Periodista: Se está debatiendo la tasa de crecimiento. ¿Coincide más con la medición del INDEC del 3% para el primer trimestre o la del Congreso del 0,5%?
Sebastián Galiani: Las estadísticas oficiales, tanto las de precios como las de producción agregada, no son confiables. Producir una buena estimación del producto en forma independiente no es una tarea sencilla. Es mucho más difícil que medir independientemente el precio de una canasta de bienes. Existe cierto consenso que el crecimiento del primer trimestre fue bajo. Perecería que la economía repuntó en el segundo trimestre, pero aun así la mayoría de los economistas privados espera un crecimiento para este año del 3% en el mejor de los casos.
P.: Parecería que las estadísticas oficiales arrojarían un crecimiento mayor, lo cual hará que se dispare el pago del Cupón atado al PBI. ¿Por qué el Gobierno haría eso?
S.G.: En caso que así ocurriese, uno podría pensar en la economía política de tal decisión. Pero ¿cuál sería un buen argumento? Tengo la impresión de que el equipo económico no sólo ha mostrado impericia teórica, sino también práctica.

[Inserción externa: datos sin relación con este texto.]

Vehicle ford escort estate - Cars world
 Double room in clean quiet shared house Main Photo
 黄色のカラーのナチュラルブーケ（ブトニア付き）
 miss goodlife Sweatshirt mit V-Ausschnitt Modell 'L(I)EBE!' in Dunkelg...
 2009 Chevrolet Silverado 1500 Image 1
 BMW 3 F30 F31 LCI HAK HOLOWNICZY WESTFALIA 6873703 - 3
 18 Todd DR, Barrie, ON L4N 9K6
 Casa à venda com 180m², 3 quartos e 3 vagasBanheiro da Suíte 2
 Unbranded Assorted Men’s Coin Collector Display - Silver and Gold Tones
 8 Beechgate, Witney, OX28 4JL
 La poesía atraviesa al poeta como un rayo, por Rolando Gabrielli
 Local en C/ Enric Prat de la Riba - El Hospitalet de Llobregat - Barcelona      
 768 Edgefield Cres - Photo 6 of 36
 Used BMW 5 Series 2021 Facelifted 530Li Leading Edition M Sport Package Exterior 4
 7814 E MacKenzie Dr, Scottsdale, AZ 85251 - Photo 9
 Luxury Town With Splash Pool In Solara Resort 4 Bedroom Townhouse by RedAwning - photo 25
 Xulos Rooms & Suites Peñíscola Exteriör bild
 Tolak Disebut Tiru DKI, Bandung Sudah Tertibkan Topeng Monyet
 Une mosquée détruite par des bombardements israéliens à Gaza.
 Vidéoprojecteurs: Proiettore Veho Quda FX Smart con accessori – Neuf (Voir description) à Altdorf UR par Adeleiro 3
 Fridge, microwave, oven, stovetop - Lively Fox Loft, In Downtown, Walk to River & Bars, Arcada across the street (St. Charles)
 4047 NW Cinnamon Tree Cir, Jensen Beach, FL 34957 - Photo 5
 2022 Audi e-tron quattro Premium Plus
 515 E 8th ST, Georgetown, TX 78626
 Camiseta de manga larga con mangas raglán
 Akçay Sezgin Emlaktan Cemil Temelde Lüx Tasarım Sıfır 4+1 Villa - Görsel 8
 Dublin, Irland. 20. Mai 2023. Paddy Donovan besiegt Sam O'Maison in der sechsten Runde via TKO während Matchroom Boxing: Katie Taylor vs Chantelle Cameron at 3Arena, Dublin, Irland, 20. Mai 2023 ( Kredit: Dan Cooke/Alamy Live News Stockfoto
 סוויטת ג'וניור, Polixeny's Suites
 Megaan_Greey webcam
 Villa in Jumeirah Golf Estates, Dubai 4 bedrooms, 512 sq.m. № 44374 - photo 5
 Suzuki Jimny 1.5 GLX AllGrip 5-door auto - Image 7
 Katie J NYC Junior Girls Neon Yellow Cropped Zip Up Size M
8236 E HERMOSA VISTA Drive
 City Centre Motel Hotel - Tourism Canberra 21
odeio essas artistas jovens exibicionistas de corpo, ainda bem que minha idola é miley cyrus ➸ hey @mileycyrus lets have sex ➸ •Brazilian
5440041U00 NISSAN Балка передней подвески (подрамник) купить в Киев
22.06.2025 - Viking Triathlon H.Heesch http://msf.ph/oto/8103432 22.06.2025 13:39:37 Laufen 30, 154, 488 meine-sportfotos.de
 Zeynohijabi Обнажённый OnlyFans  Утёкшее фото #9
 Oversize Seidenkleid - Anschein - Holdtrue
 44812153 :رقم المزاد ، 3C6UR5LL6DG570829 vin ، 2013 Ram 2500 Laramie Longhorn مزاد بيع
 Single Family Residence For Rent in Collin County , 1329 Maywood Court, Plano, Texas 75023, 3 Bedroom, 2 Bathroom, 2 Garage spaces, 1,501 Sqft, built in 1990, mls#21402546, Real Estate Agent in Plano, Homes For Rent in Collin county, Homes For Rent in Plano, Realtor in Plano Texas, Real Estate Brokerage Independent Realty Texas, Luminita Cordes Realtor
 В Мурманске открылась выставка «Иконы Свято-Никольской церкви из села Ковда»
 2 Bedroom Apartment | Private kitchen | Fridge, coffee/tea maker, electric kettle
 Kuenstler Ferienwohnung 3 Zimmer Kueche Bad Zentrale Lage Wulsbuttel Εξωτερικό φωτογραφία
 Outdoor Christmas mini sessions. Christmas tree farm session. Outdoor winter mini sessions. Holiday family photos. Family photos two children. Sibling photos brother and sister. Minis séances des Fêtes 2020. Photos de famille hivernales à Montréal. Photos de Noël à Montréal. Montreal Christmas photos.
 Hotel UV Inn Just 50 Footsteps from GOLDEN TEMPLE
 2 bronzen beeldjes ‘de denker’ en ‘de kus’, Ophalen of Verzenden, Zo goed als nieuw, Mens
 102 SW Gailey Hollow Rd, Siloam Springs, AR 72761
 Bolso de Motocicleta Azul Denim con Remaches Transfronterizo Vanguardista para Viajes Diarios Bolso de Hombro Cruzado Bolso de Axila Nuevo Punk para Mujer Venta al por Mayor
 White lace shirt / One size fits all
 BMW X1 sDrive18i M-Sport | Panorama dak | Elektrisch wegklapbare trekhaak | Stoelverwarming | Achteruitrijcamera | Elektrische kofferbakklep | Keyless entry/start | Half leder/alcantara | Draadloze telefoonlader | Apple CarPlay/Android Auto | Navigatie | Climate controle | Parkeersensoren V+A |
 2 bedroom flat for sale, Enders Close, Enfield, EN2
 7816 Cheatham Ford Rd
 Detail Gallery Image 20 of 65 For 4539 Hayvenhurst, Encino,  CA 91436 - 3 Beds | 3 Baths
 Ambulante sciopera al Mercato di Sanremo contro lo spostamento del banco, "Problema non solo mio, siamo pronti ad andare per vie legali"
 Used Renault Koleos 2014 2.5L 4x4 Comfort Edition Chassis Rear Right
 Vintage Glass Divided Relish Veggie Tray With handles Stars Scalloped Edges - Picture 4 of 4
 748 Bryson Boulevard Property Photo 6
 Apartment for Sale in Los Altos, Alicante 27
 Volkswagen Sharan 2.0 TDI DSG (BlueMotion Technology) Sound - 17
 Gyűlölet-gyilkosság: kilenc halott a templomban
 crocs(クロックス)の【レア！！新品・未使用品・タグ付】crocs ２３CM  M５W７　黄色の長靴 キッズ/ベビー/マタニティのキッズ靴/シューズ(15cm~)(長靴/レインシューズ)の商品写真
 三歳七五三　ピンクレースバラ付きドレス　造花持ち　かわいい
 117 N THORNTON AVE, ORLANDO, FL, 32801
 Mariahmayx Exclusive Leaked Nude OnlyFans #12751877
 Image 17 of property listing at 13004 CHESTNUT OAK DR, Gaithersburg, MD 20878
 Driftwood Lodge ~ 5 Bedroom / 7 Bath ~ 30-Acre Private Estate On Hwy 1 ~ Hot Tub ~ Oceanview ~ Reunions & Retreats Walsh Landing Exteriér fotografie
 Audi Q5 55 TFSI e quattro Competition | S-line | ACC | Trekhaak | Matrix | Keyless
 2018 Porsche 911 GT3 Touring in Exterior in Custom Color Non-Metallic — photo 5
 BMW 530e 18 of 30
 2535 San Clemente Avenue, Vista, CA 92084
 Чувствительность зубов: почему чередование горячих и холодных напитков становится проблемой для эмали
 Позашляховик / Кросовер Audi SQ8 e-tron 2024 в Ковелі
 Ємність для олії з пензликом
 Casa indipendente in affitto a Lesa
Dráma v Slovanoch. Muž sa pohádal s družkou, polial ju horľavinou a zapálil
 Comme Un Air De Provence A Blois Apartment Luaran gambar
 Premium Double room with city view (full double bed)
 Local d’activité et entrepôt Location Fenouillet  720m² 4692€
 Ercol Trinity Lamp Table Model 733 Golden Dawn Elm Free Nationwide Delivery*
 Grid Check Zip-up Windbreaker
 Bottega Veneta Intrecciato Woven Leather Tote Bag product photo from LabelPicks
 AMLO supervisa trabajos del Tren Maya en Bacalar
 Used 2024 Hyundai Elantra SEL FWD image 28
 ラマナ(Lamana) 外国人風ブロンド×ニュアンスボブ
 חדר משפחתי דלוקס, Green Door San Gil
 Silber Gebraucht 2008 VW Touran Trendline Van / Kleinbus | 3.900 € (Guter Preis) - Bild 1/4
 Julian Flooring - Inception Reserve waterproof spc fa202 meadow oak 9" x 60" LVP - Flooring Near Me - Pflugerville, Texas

Han cometido un error tras otro. Muchas veces, incluso, una mala decisión sólo abrió otro problema no anticipado por el Gobierno. Me parece que no es necesario ahondar en otra explicación en este caso.
P.: ¿Qué perspectiva ve usted para la economía argentina en los próximos años?
S.G.: En términos de su crecimiento, aun suponiendo que la inflación no se descontrolase, no veo cuál será el motor del crecimiento en las circunstancias actuales.
P.: ¿Qué habría que hacer?
S.G.: La lista es larga. Para empezar, habría que recuperar cierto equilibrio fiscal. Hoy el déficit fiscal bien medido trepa al 4% del producto. Por lo tanto, hay que ajustar la economía. Sobre esa base, hay que lanzar un programa monetario que gradualmente baje la inflación a niveles normales. Pero antes, hay que reacomodar los precios relativos: tipo de cambio y tarifas principalmente. Esto sería sólo el comienzo. Hay que reinsertar la economía en el mundo nuevamente. El crecimiento no lo generan los gobiernos, sino las firmas privadas que innovan, adoptan nuevas tecnologías e invierten. No hay ningún ejemplo de un país pequeño que haya crecido en el mediano plazo a tasas elevadas que lo haya hecho aislado del mundo. También necesitamos volver a atraer inversión extranjera. Todo esto requiere restablecer cierta estabilidad sobre un conjunto de reglas de juego capitalistas. Nada de esto sería sencillo para un nuevo Gobierno; me cuesta ver cómo lo haría la actual administración.
P.: Concretamente falta ver esos motores del crecimiento...
S.G.: Necesitamos ahorro para aumentar la riqueza existente y mejorar la infraestructura del país, lo cual aumentará la productividad de la economía, que es el motor del crecimiento. Ello en parte se podría hacer si aumentamos el ahorro doméstico o si pudiésemos volver a tomar deuda. También podría contribuir la inversión extranjera directa. Más importante aún, ésta puede ayudar a dinamizar la economía ya que en promedio tiene externalidades positivas sobre el resto de la economía. Necesitamos volver a encender los motores del crecimiento.
P.: Si no se hace un programa integral, ¿qué pasará con el dólar paralelo?
S.G.: El peso se continuará depreciando. En el mediano plazo, mientras el Banco Central siga financiando al Gobierno, el dólar seguirá subiendo. En el corto plazo, el Banco Central siempre puede elegir perder reservas para evitar que ello ocurra. El riesgo, claro, es inducir una crisis de balanza de pagos.
P.: Y en ese caso, ¿qué pasará con la brecha cambiaria?
S.G.: El dilema de corto plazo que enfrenta el Gobierno es entre tratar de cerrarla acelerando la devaluación del tipo de cambio oficial, lo cual, sin un programa de estabilización consistente, es riesgoso pues podría disparar una espiral inflacionaria; o seguir perdiendo reservas y frenando las importaciones a través de mayores restricciones, afectando la economía negativamente, mientras esto aguante.